Moonshot AI has announced the release of its new open-source model, Kimi-Dev-72B, which is specialized in software engineering tasks and has achieved the highest score among all open-source models on the AI programming benchmark, SWE-bench Verified. With only 7.2 billion parameters, Kimi-Dev-72B has surpassed DeepSeek-R1, which has an impressive 67.1 billion parameters.

image.png

In the SWE-bench Verified test, Kimi-Dev-72B scored 60.4%, establishing itself as a new benchmark in the field of open-source models. The optimization process of this model includes large-scale reinforcement learning, enabling it to automatically fix real repositories in Docker environments. Kimi-Dev-72B only receives rewards when all test cases pass during testing, ensuring the correctness and robustness of the generated solutions, meeting high standards for real-world development.

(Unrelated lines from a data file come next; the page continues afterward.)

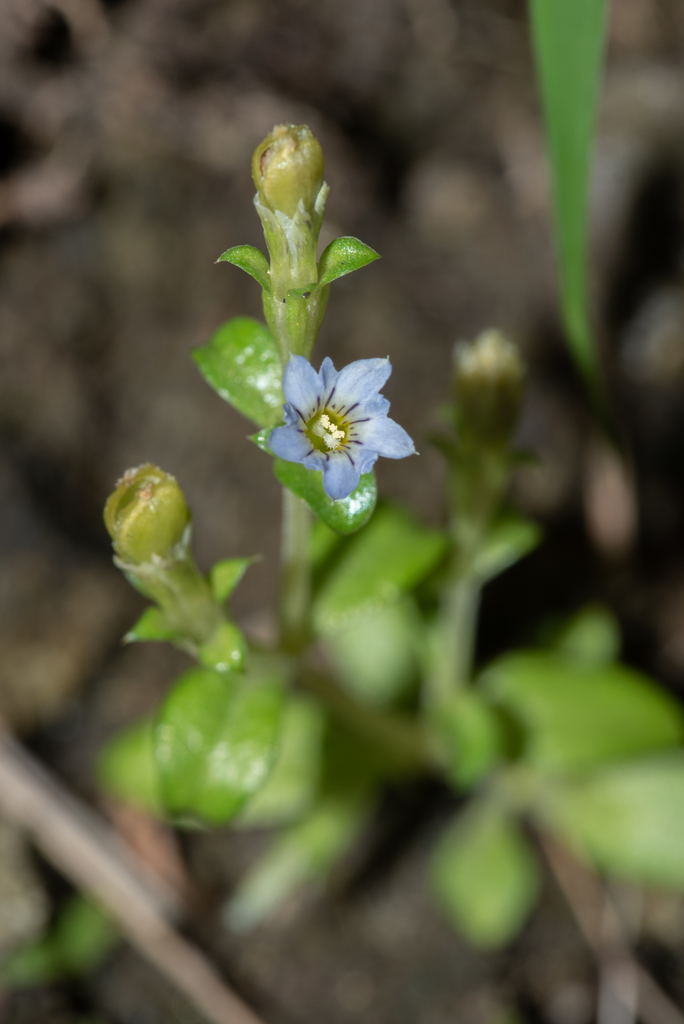 Gentiana tenuissima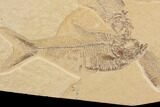 Wide Fossil Fish Mortality Plate - Wyoming #91576-2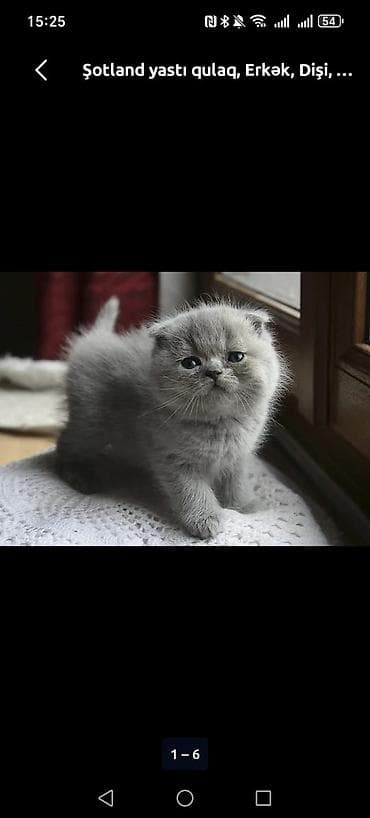 it bala: Şotland yastı qulaq — 2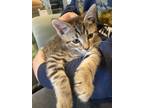 Adopt Jake a Brown Tabby Domestic Shorthair (short coat) cat in Anaheim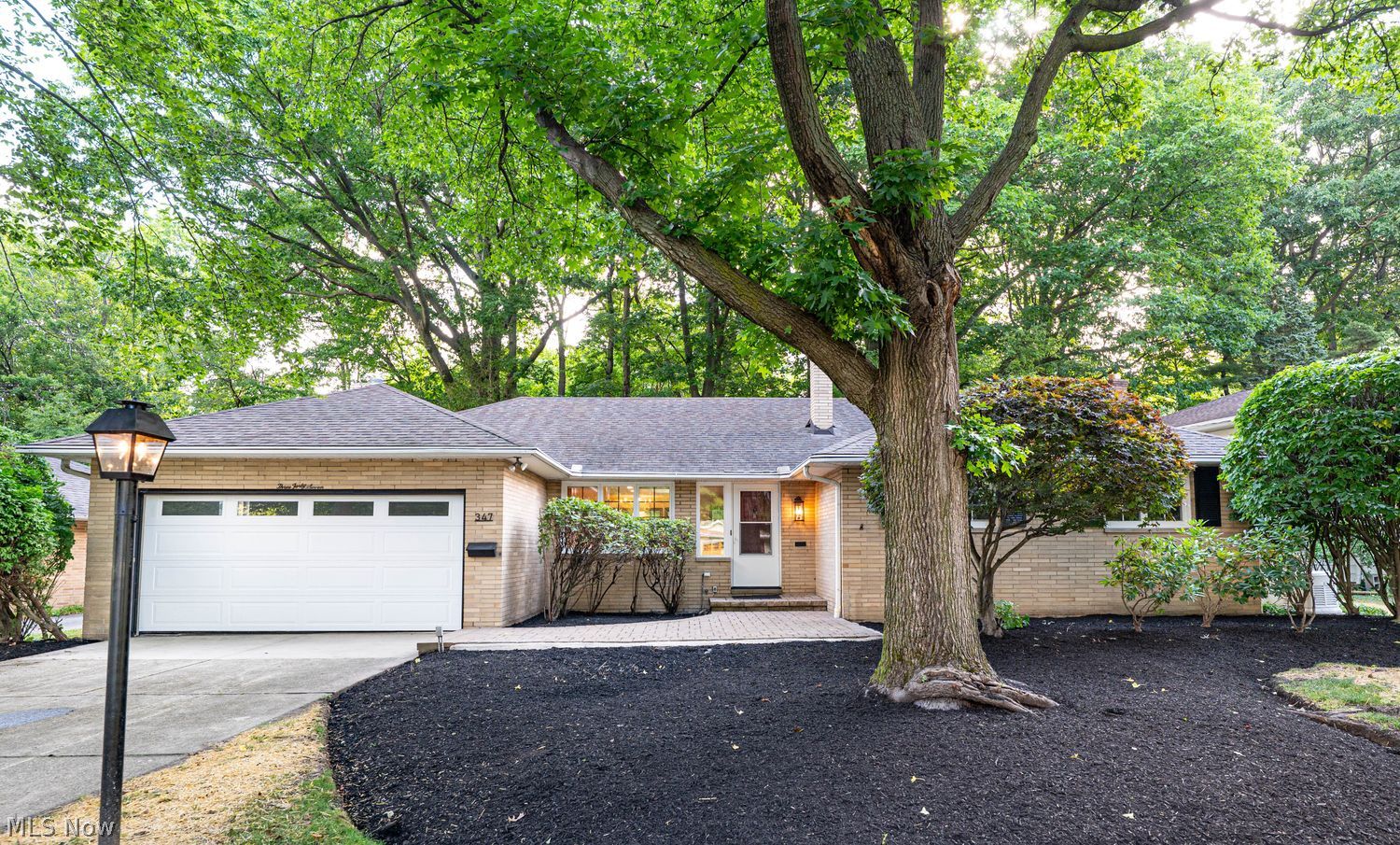 347 Royal Oak Boulevard Richmond Heights OH 44143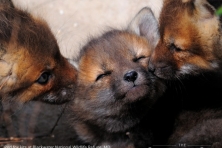 wallpaper Blackwater NWR fox kits nikographer 1600 600x450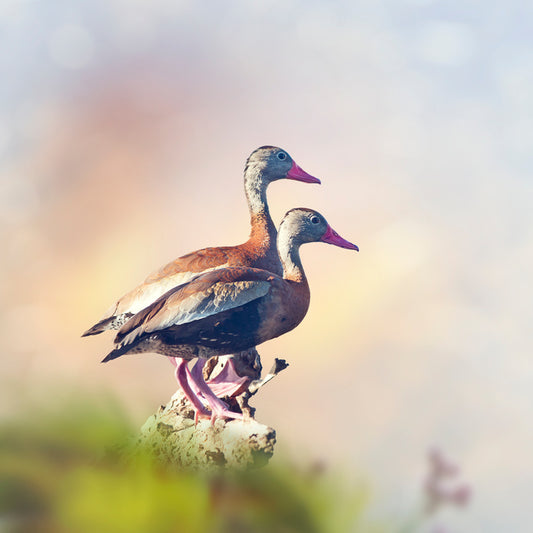 Birds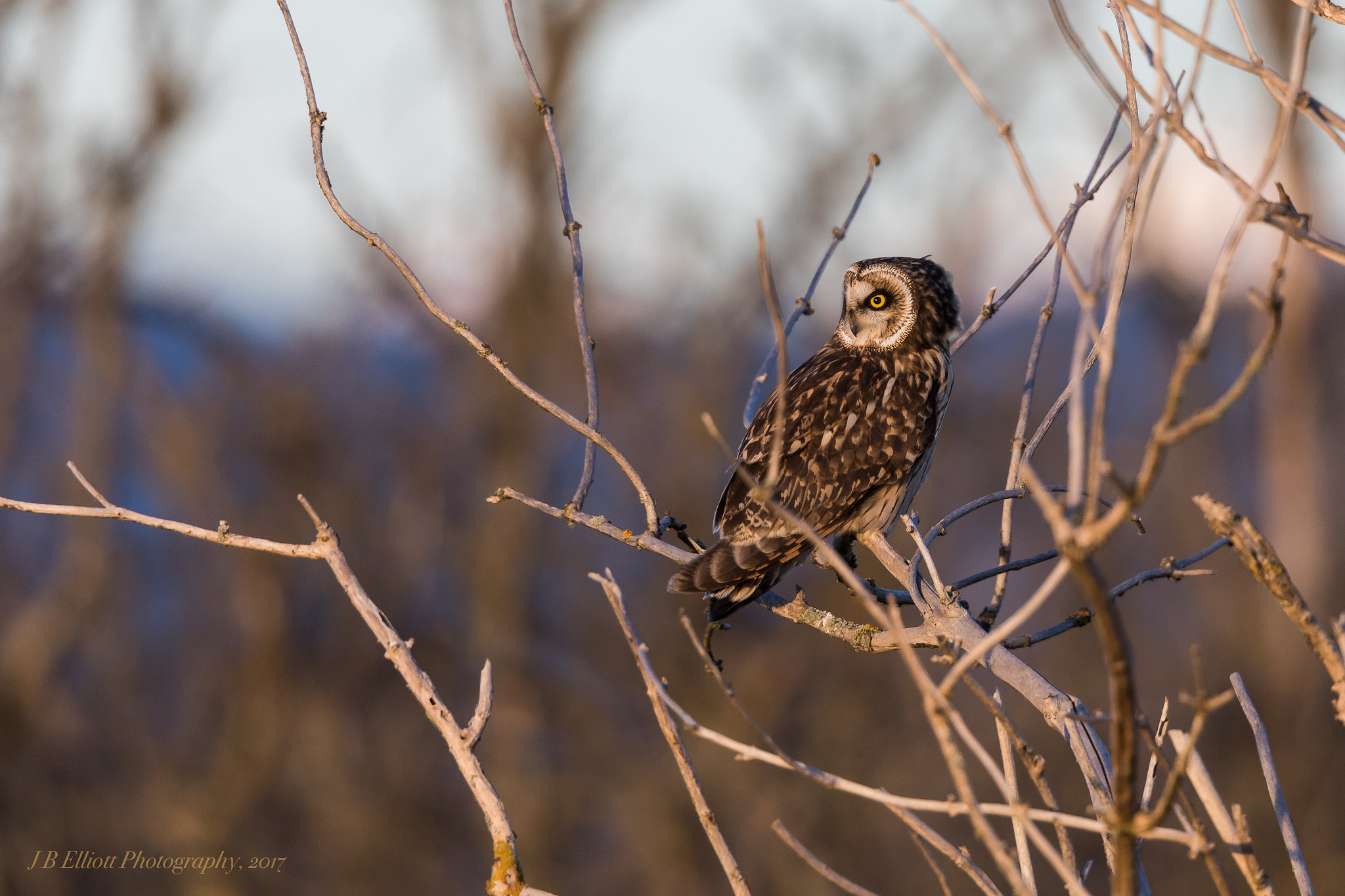 Canon EF 500mm F4L IS II USM sample photo. Short-eared owl photography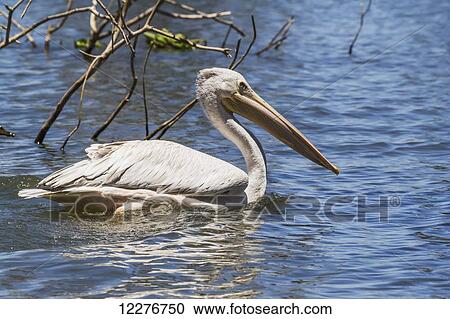Pink-backed pelican (Pelecanus rufescens), Lake Naivasha National Park; Kenya View Large Photo Image Stock Image - Pink-backed pelican (Pelecanus rufescens), Lake Naivasha National Park; Kenya. Fotosearch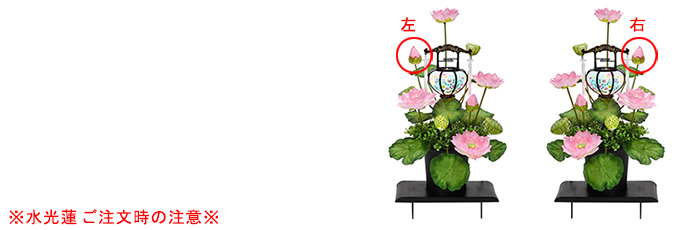 水光蓮注文時の注意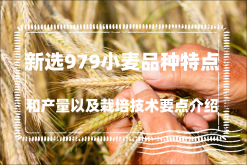 <strong>新選979小麥品種特點和產量以及栽培技術要點介紹</strong>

Kimi-Dev-72B is now available for download on Hugging Face and GitHub platforms. Users can access model weights and source code, and a technical report will be released soon. The Hugging Face link is: huggingface.co/moonshotai/Kimi-Dev-72B, and the GitHub link is: github.com/MoonshotAI/Kimi-Dev.

In terms of design philosophy, Kimi-Dev-72B combines the roles of BugFixer and TestWriter. BugFixer is responsible for fixing errors, while TestWriter writes corresponding unit tests. These two parts complement each other, ensuring the effectiveness of the model in programming tasks. The workflow of Kimi-Dev-72B is simple and clear, mainly divided into two stages: file localization and code editing.

To enhance the capabilities of the model, Moonshot AI used approximately 150 billion high-quality data points for mid-term training, sourced from real issues and PR submissions on GitHub. Through rigorous data purification, the model learned how human developers solve problems and write code. The reinforcement learning phase focused on enhancing its code editing ability, gradually optimizing model performance through a result-based reward system.

image.png

During the testing phase, Kimi-Dev-72B coordinates the roles of BugFixer and TestWriter using a self-play mechanism, thereby improving the model's performance and effectiveness. Each problem can generate up to 40 patch candidates and test candidates, demonstrating the powerful effect of the self-play mechanism.

In the future, Moonshot AI plans to further expand the functionality of Kimi-Dev-72B by exploring deeper integration with popular development tools, making it more seamlessly integrated into developers' workflows. The company is committed to continuously improving this model, conducting rigorous red team tests, and rolling out stronger versions to the community.

Hugging Face address: huggingface.co/moonshotai/Kimi-Dev-72B

GitHub address: github.com/MoonshotAI/Kimi-Dev

Key Takeaways:

🔍 Kimi-Dev-72B is a newly released open-source model that has set a global record for programming benchmarks.  

🚀 This model combines the functions of BugFixer and TestWriter to improve programming efficiency and code quality.  

💡 Moonshot AI will continue to optimize Kimi-Dev-72B, planning deeper integration with popular development tools in the future.